These smoked baby back ribs are perfect for impressing guests at a summer barbecue or backyard party. Make sure to have plenty of napkins - you'll need them! 😉
If you enjoy this recipe, try 2-2-1 Smoked Ribs, Oven Baked Ribs, or Smoked Beef Back Ribs next! Also, don't miss out on Smoked Pork Belly Burnt Ends on Pellet Grill.
Why You'll Love This Recipe
- Tender and Juicy: The slow cooking method ensures your ribs are juicy and tender.
- Delicious Flavor: Smoking ribs with a homemade pork rub infuses them with fantastic flavor.
- Easy to Make: These BBQ ribs are easy to make, even for beginners.
- Versatile: You can use any smoker, including a Traeger pellet grill, Pit Boss wood pellet grill, or electric smoker.
Ingredient Notes
A complete list of ingredients and amounts can be found in the printable recipe card below.

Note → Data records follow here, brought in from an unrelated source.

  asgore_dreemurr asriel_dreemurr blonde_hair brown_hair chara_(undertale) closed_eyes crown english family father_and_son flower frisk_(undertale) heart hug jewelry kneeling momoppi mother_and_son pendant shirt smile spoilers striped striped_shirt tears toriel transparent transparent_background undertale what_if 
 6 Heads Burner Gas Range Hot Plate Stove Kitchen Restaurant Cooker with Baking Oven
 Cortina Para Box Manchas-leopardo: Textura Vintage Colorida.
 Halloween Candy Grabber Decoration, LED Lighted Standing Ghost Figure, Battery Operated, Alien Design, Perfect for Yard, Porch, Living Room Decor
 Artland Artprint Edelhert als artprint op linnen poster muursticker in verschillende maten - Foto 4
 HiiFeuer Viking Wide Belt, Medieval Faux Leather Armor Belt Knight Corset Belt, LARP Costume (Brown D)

- Pork ribs. Use pork baby back ribs, St. Louis-style ribs, or spare ribs. This recipe is for 2 racks of ribs. Look for ribs that have a lot of marbling. This recipe is only for bone ribs, not boneless ribs.

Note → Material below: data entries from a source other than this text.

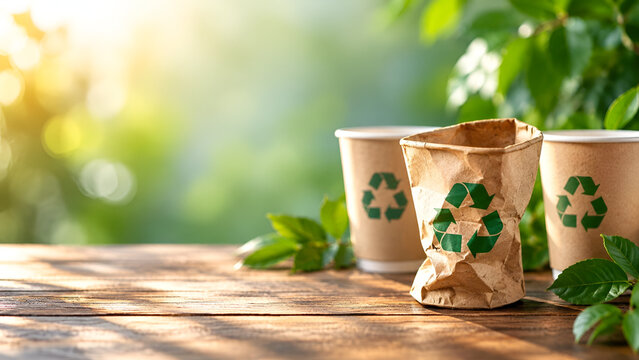 Eco-friendly paper cups and bag on wooden table symbolizing recycling, sustainability, and green living with natural sunlight and greenery in the background.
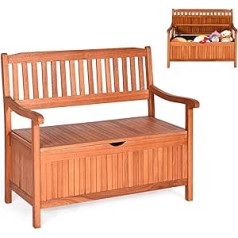 RELAX4LIFE 2-Seater Garden Bench with Storage Space, Solid Wood Bench, Chest Bench with Armrests and Backrest, Wooden Bench up to 360 kg Load Capacity, Rest Bench for Outdoor, Indoor, Patio, Garden,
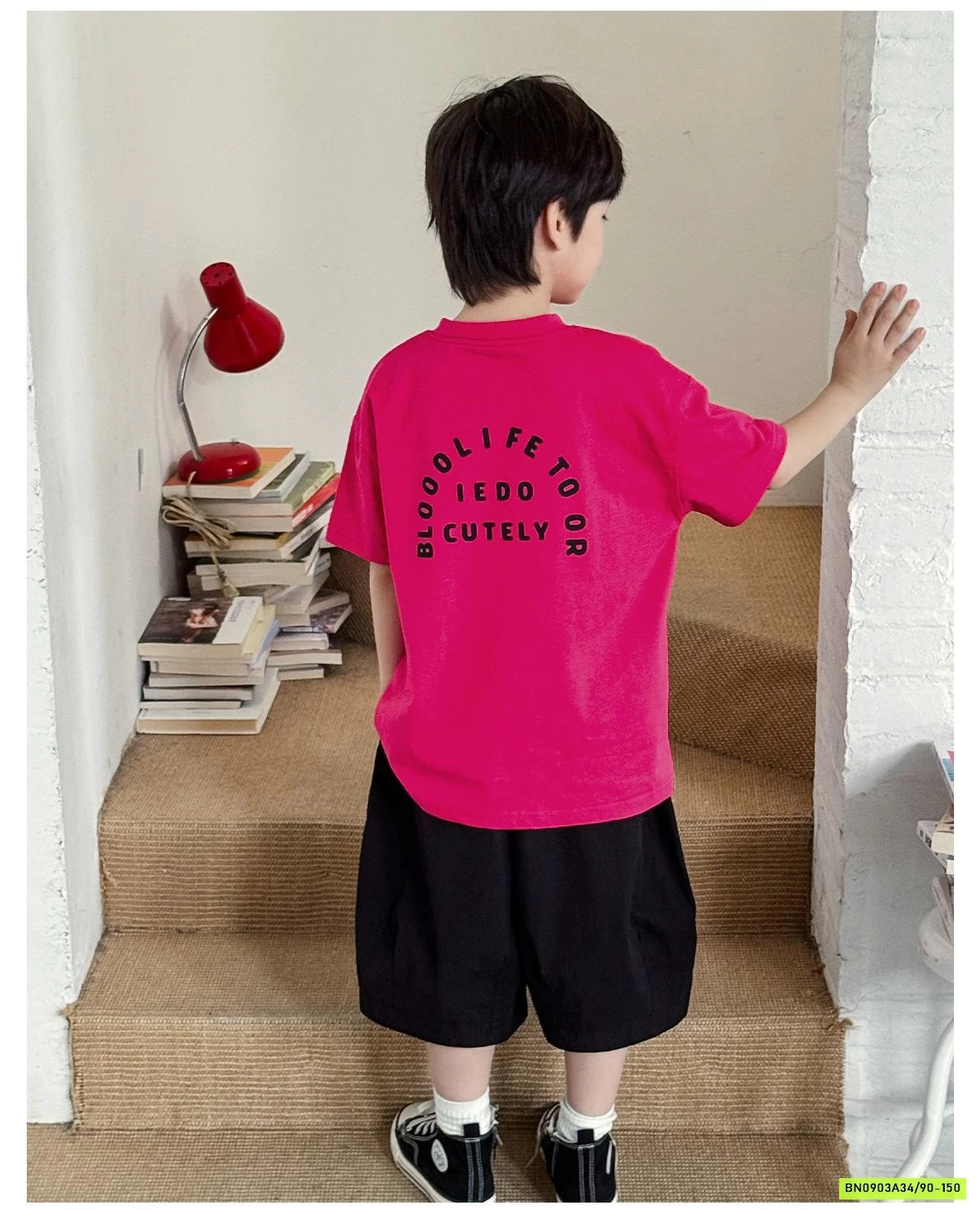 ÁO THUN IN CHỮ LƯNG AX6050 AOAOKIDS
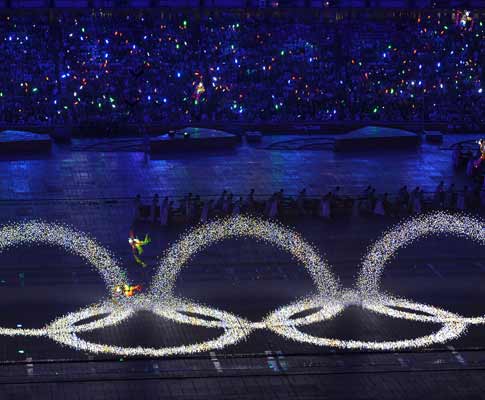 Fase da cerimónia de abertura dos Jogos Olímpicos de Pequim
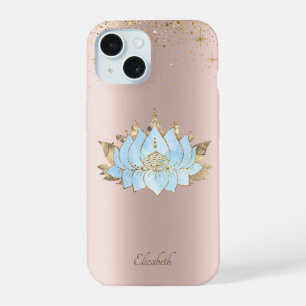Coque iPhone 15 Élégante Fleur de Lotus Bleue Classeuse en Or Rose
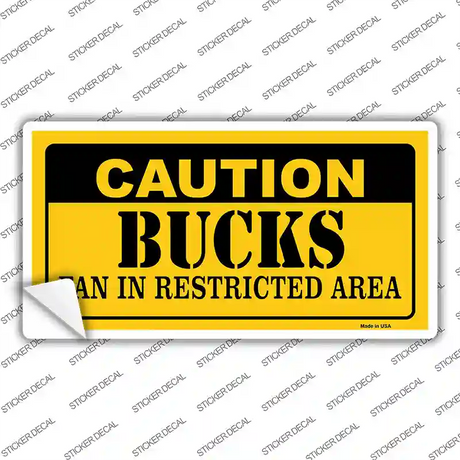 Caution Bucks Fan Novelty Sticker Decal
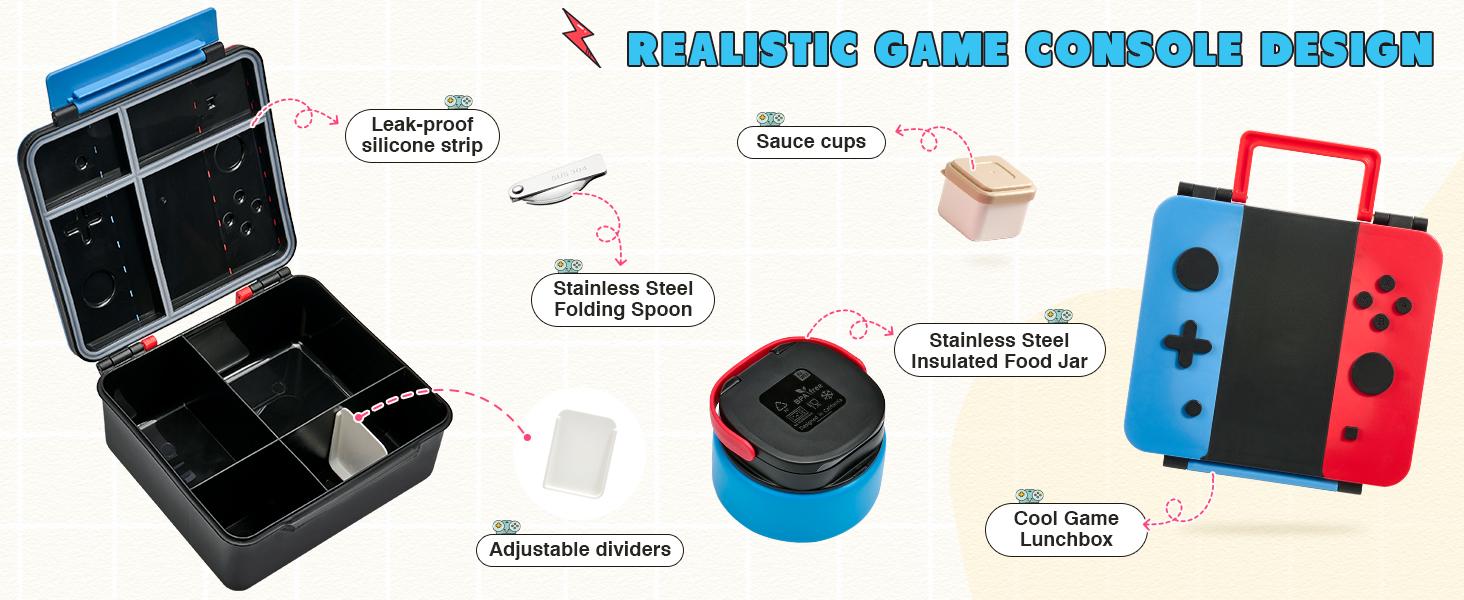 [Summervibes]Pawtong Game Bento Box for Kids, Lunch Box with Thermo(9oz Food Jar), Folding Spoon, Removable Divider & Sauce Cup, Lunch Box Kids for School,Travel, BPA-Free & Realistic Shape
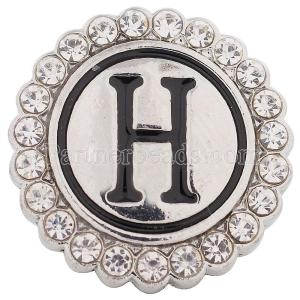 20MM English alphabet-H snap Antique silver  plated with  Rhinestones KC8537 snaps jewelry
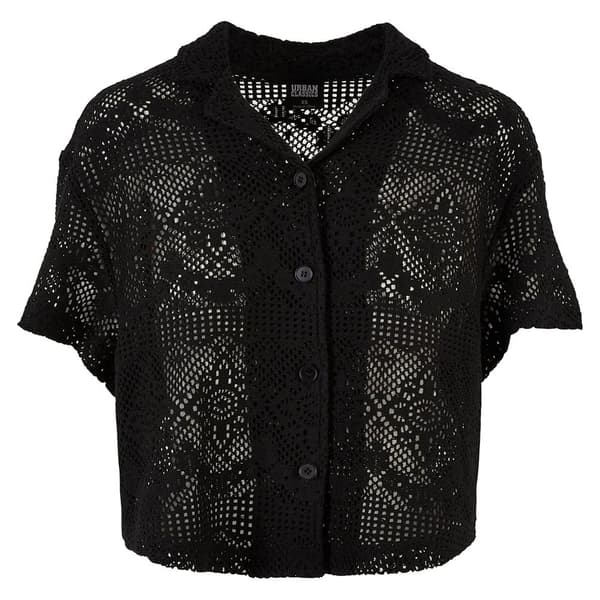 Urban Classics Crochet Lace Resort Kortærmet Skjorte Sort 5XL Kvinde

- Mustard. This is used as a binder for the rub. I used regular yellow mustard, but you can use Dijon or old-fashioned mustard, or substitute with olive oil.
- Pork rub. I doubled my Homemade Pork Rub, which contains brown sugar, paprika, onion powder, garlic powder, chili powder, dry mustard powder, kosher salt, and black pepper. I used smoked paprika for these ribs. For more spice, add cayenne pepper or red pepper flakes.

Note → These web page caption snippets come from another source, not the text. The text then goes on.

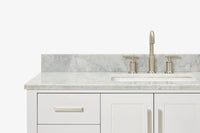 Ariel magnolia 49 in. rectangle sink vanity with 0.75 in. carrara white marble countertop in white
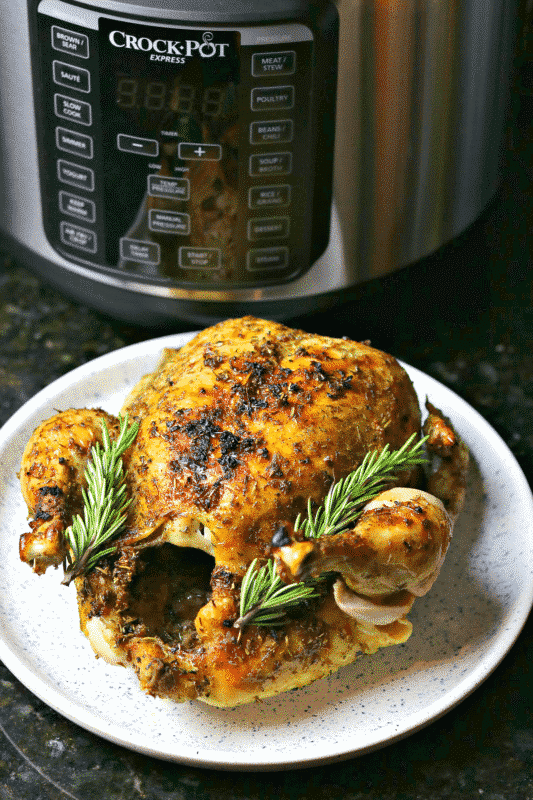 Crisped Pressure Cooker Whole Chicken on a plate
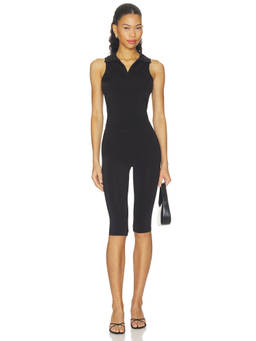 ALL THE WAYS - Women's Stretch Jersey Sleeveless Capri Jumpsuit Black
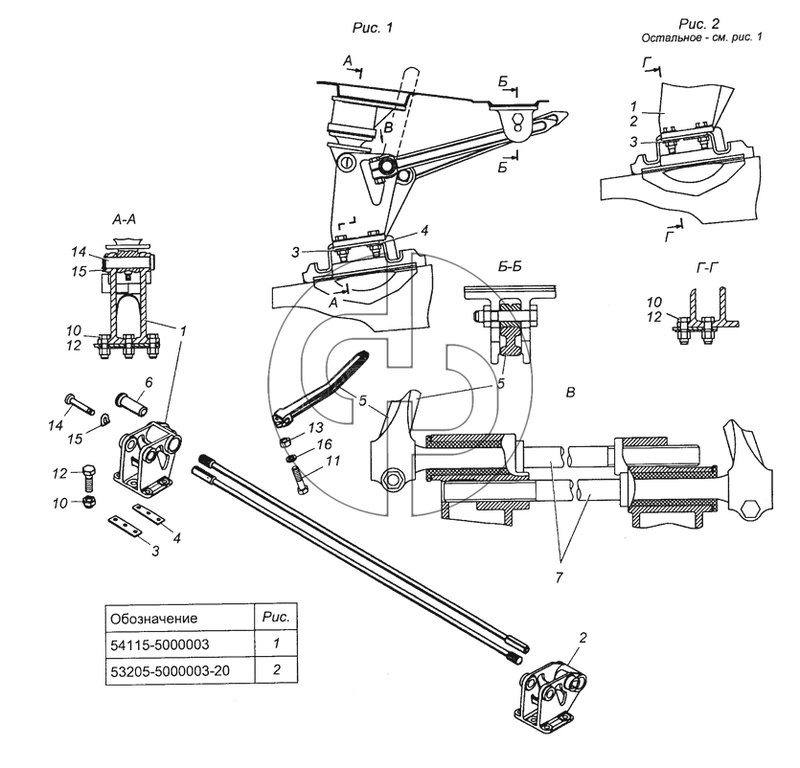 54115-5000003 Переднее крепление и механизм уравновешивания кабины (№7 на схеме)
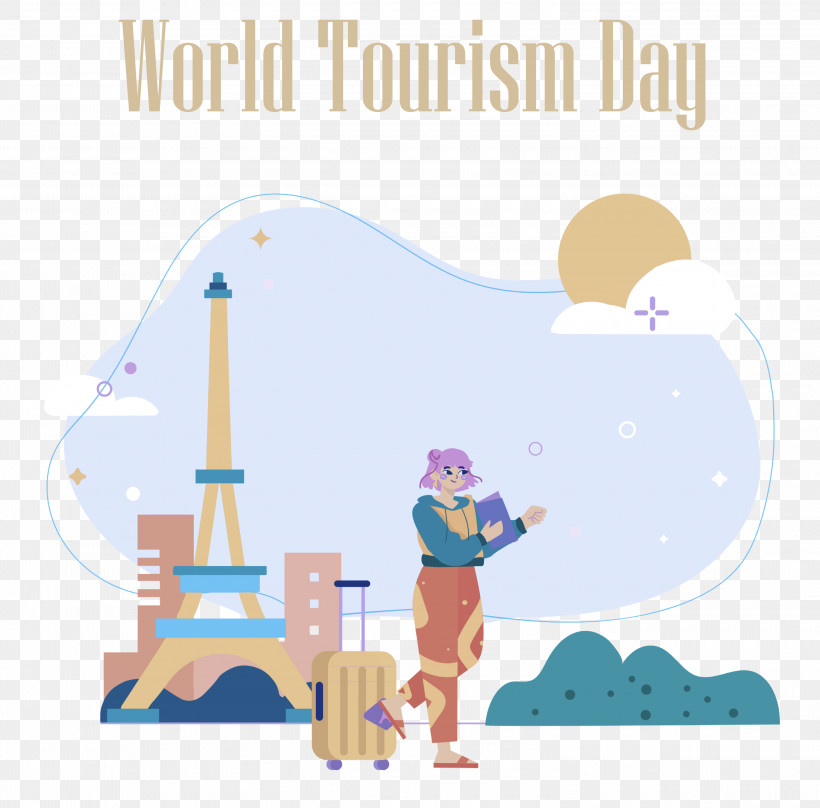 World Tourism Day, PNG, 3000x2959px, World Tourism Day, Cartoon, Drawing, Eiffel Tower, Logo Download Free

- Apple juice. This adds moisture during the wrapping stage. You can also use beer if you like.
- BBQ sauce. Use your favorite BBQ sauce or make homemade BBQ sauce.
How To Make Smoked 3-2-1 Ribs
For more detailed instructions with measurements, jump to the recipe card.
Step 1
Remove the Membrane: Place the ribs on a baking sheet. Use a butter knife to lift the membrane (silver skin) from the back. Grab a paper towel for grip and pull it off.
Step 2
Apply Mustard: Coat the ribs with a thin layer of mustard on all sides.
Step 3
Season: Mix the rub ingredients and sprinkle generously over the ribs. Flip the ribs over, and repeat with the mustard and dry rub on the other side.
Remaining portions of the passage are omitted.